Home ownership, a critical key to economic stability across all demographics, is falling faster for low-income residents of Benton County while Franklin County has seen its rate soar.
Home ownership in the U.S. has generally been on the decline since peaking in 2005, shortly before the housing-led economic crash of 2008. It stood at about 66.4 percent for Benton and Franklin counties, down from a pre-recession high of 71.5 percent.
Income plays a major role, according to this week’s Benton-Franklin Trends. Trends is an initiative of the Institute for Public Policy and Economic Analysis at Eastern Washington. Each week, it produces reviews of the area’s economic, educational and civic health.
This week’s report follows a recent larger look at local home ownership trends.
The report paints a clear picture that ownership depends on which side of the Columbia River you live on.
For the region, the home ownership rate for low-income households fell more than 17.3 percent between 2005 and 2014, landing at 40.5 percent. The decline was driven purely by a 30 percent drop in Benton County. The ownership rate for low-income households in Franklin County showed substantial gains.
37.8% (30% decline) Benton County
47.9% (18% increase) Franklin County
Trends offered one positive view for lower-income households.
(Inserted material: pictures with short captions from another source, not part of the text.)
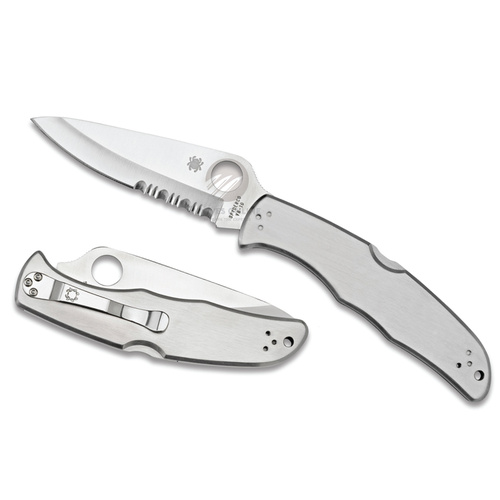 NEW SPYDERCO ENDURA 4 STAINLESS STEEL COMBO BLADE FOLDING KNIFE C10PS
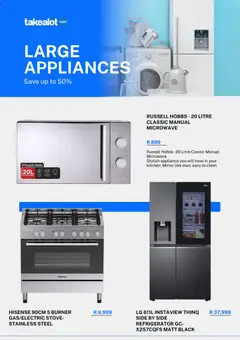 Takealot specials catalogue – valid from 03.11.2025 | Page: 3 | Products: Refrigerator, Stove, Mirror, Microwave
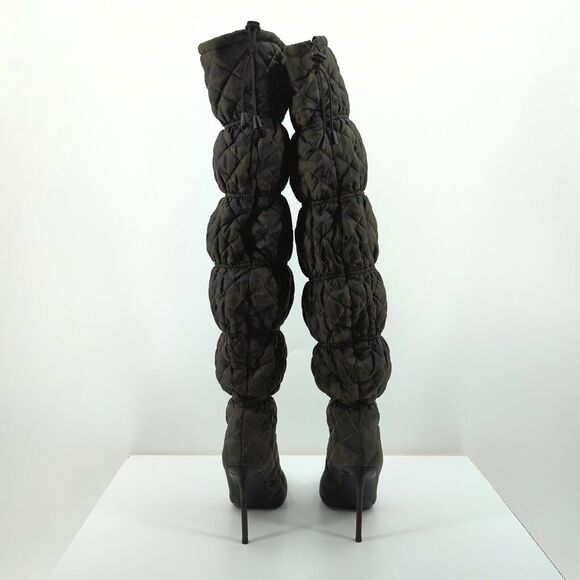 Steve Madden Women 6 Silhouette Over Knee Boots Green Puffer Camouflage NEW RARE - Picture 6 of 9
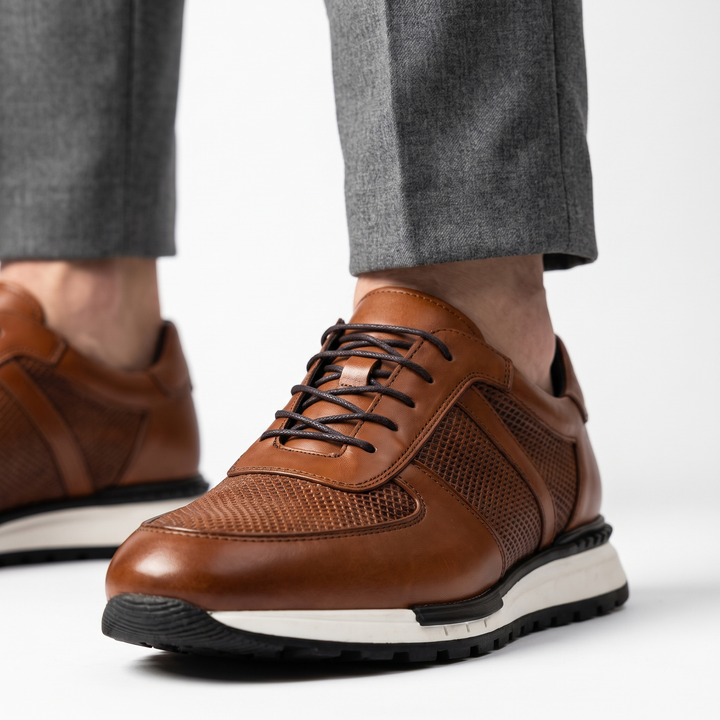 Men's Spencer leather & mesh lace-up sneakers; stylish & comfortable platform design for modern men.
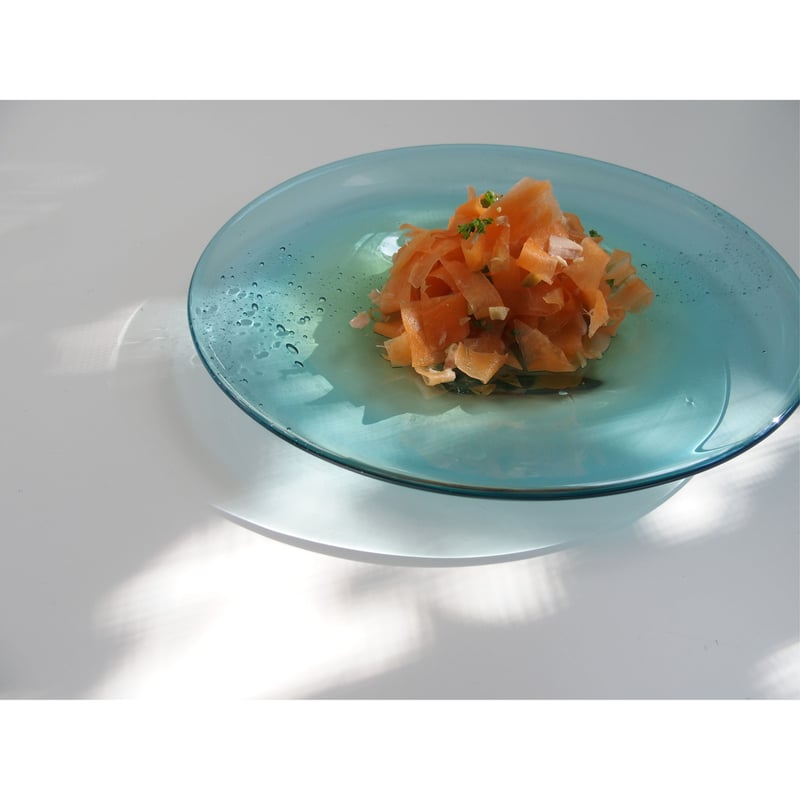 楕円銘々皿 水面の月 | maki glass studio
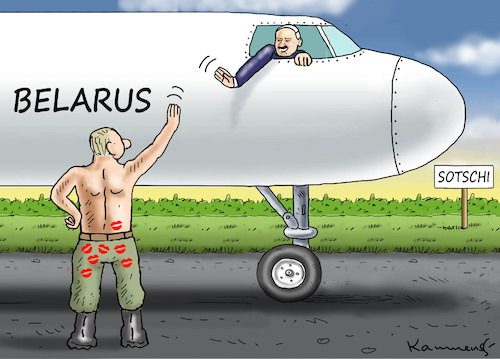 Cartoon: LUKASCHENKO BESUCHTE PUTIN (medium) by marian kamensky tagged belarus,lukaschenko,diktatur,putin,belarus,lukaschenko,diktatur,putin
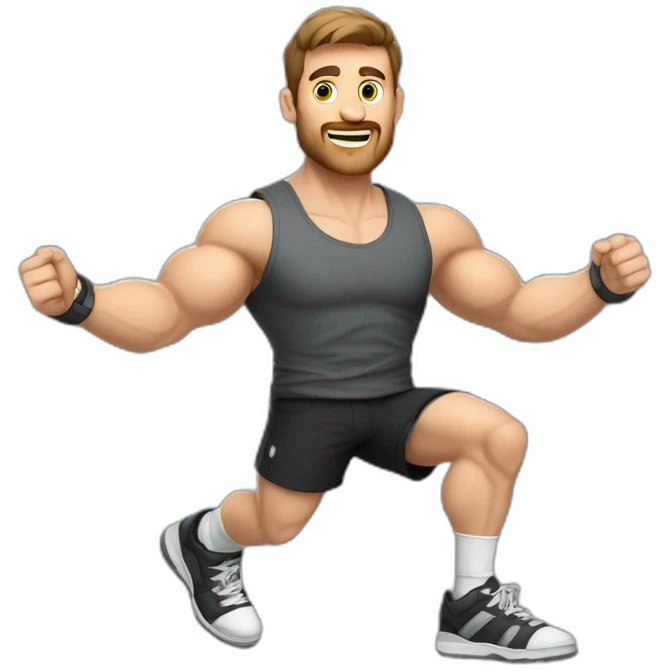 Full height realistic Actively gesturing with hands Pale skinned Fit Man With the biceps and brown hair in dark gray Sleeveless Mike, black oversize sports shorts, watch and white Sneakers emoji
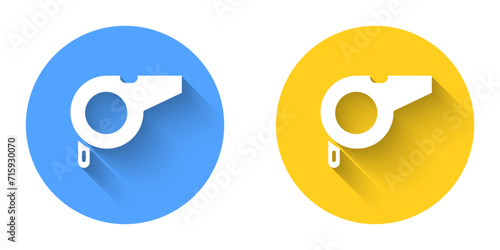 White Whistle icon isolated with long shadow background. Referee symbol. Fitness and sport sign. Circle button. Vector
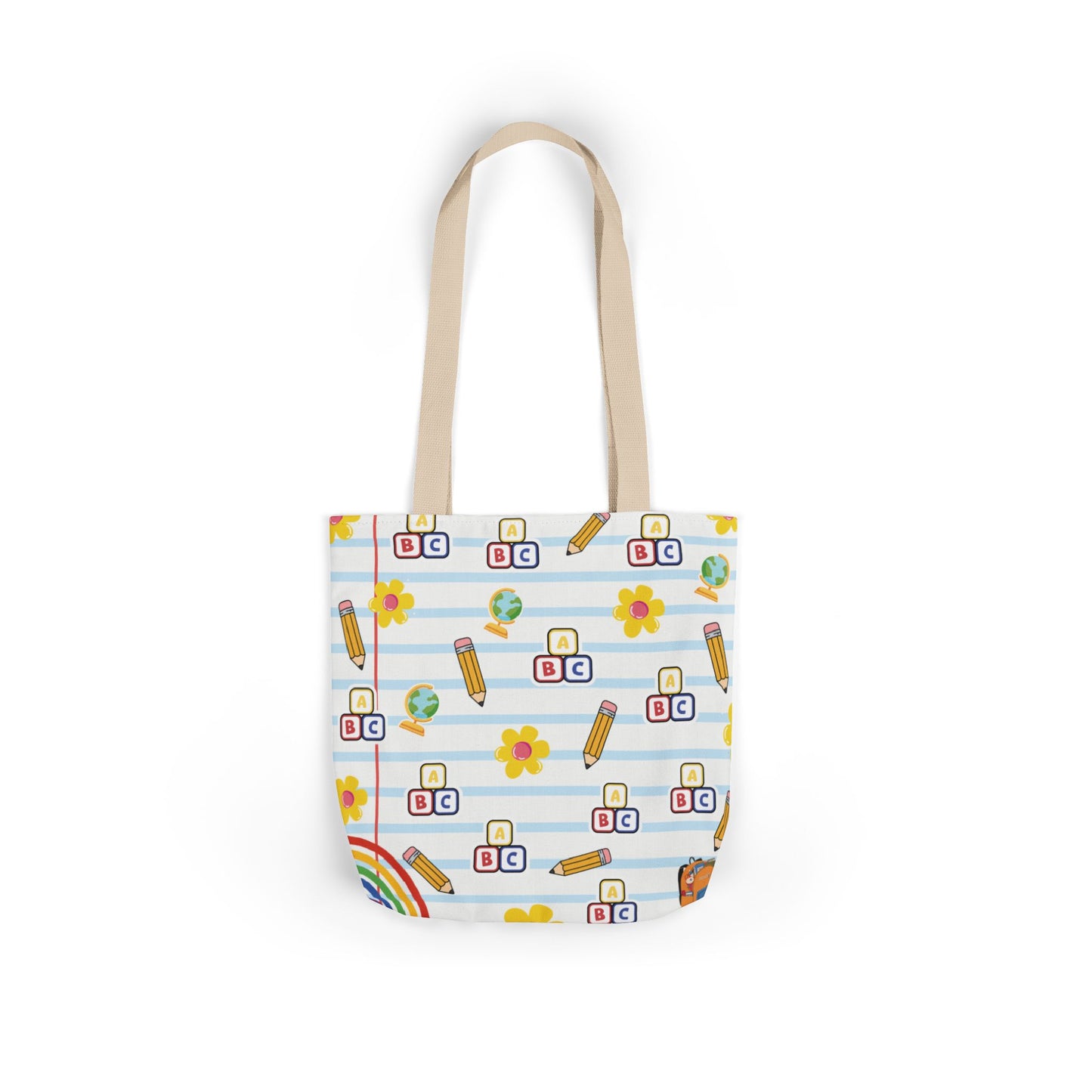 Personalized White Schoolyard Chic Composition Book Inspired Canvas Tote Bag with Colorful Straps, Cute School Bag, Eco-Friendly Tote, Back to School Shopping Bag, Teacher Gift Idea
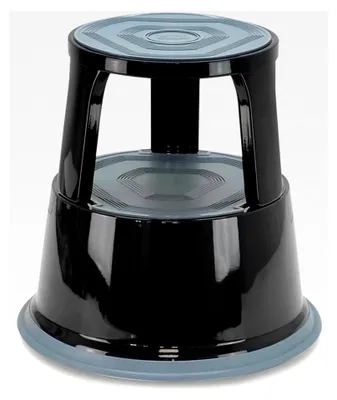 Produktbild von Tritthocker mit Rollen aus robustem Metall - 2 rutschfeste Stufen, selbstarretierende Rollen - Höhe 43 cm, Belastbarkeit 150 kg, , schwarz/grau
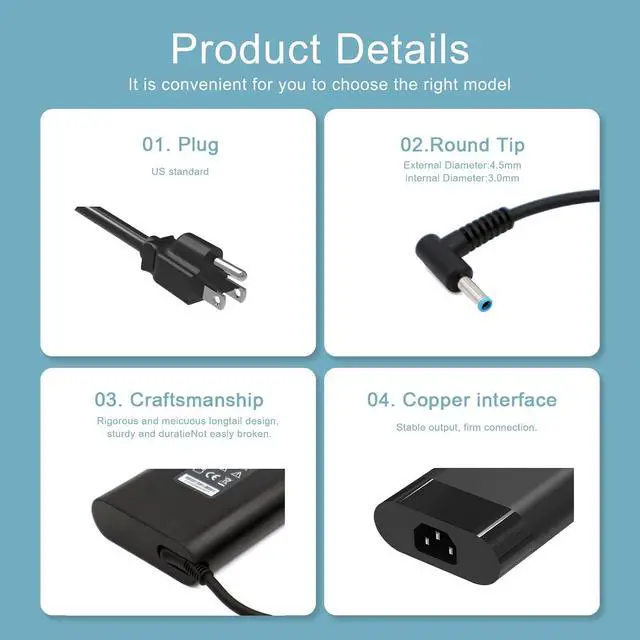 Alt view image 3 of 7 - Mackertop 200W 19.5V 10.3A Laptop AC Adapter for HP ZBook 17 G5 Series, Omen Pavilion 15 16 Gaming 17, Envy 15, 15-e103TX 15-dh0005la, TPN-DA10 TPN-LA21 L73385-001 ADP-200HB B Charger Supply Cord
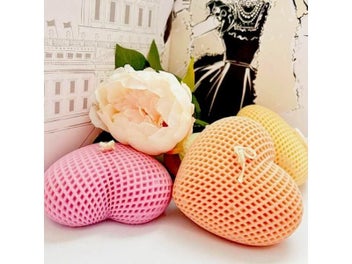 Listing 6 of 9 for Silicone Candle Mold 3D Grid Heart Shape Scented Candle Soap Mould Mousse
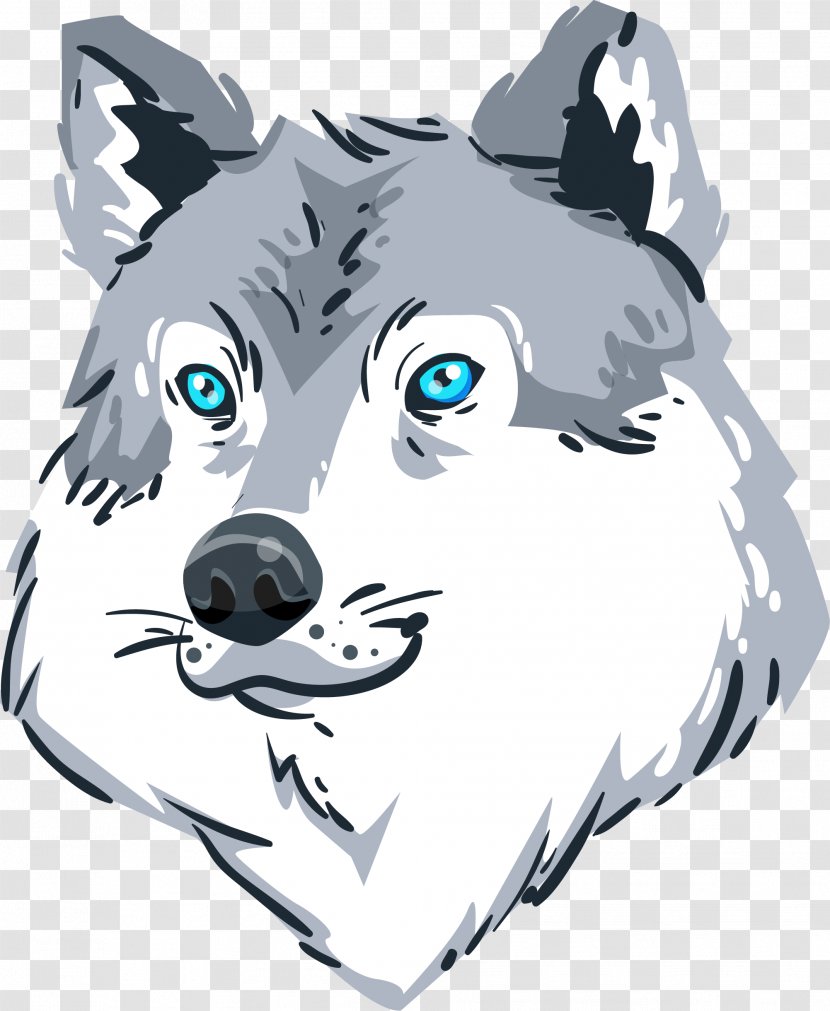 Dog Arctic Wolf Whiskers Illustration - Cartoon - Gray Snow Transparent PNG
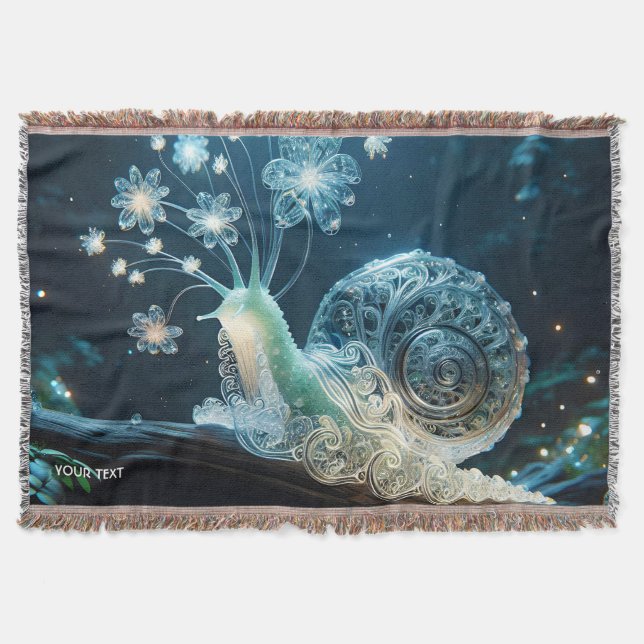Fantasy Cute Glass Snail Sea Throw Blanket (Front)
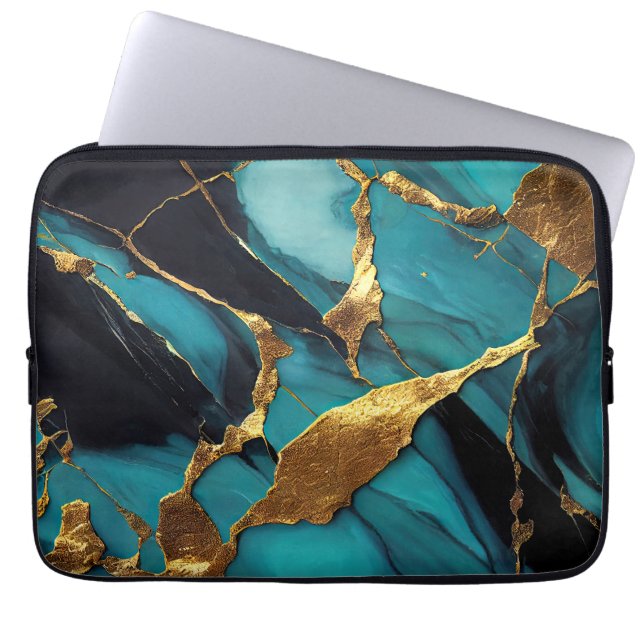 Funda Para Portátil Deep Teal Marble with Bold Gold Veins (Frente)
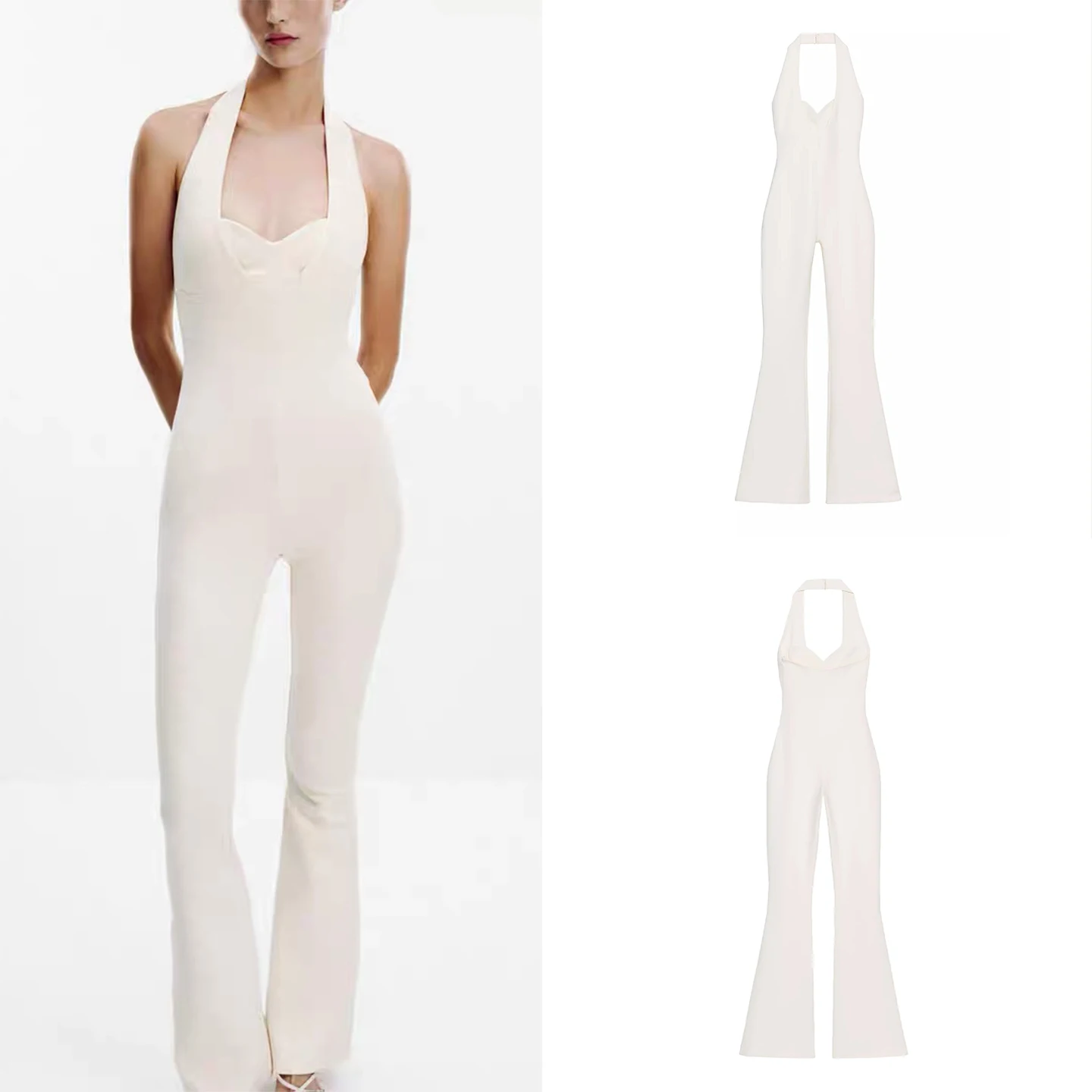 

Z 2025 New Faion Double-sided Fabric Bell Bot Jumpsuit Personali High Waist Long Pants Commute Sle Ladies Suit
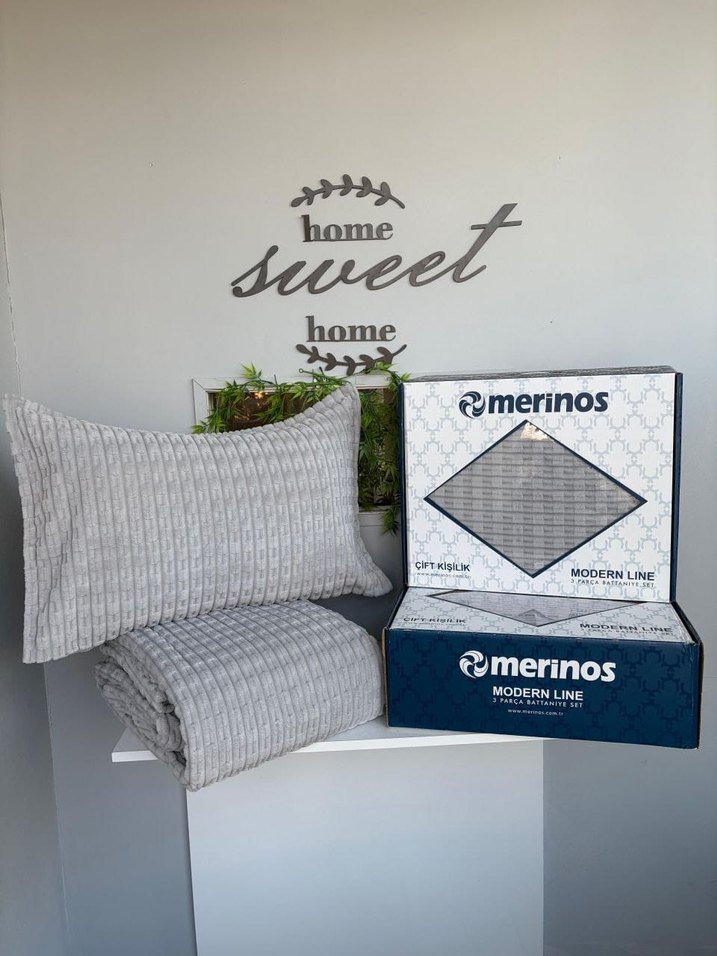 Merinos Modern Line Bej Desenli Yastık ve Kılıfı - Görsel 3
Thanks to lower ownership costs in the Tri-Cities, ownership rates here are higher than average for Washington overall, 40.5 percent versus 39.2 percent for the state.
Nationally, the ownership rate for low-income households stood at 43.7 percent.
Trends produces reports from state and federal data. Its ownership review is based on the U.S. Census Bureau’s American Community Survey. It is online at bit.ly/BFTrends.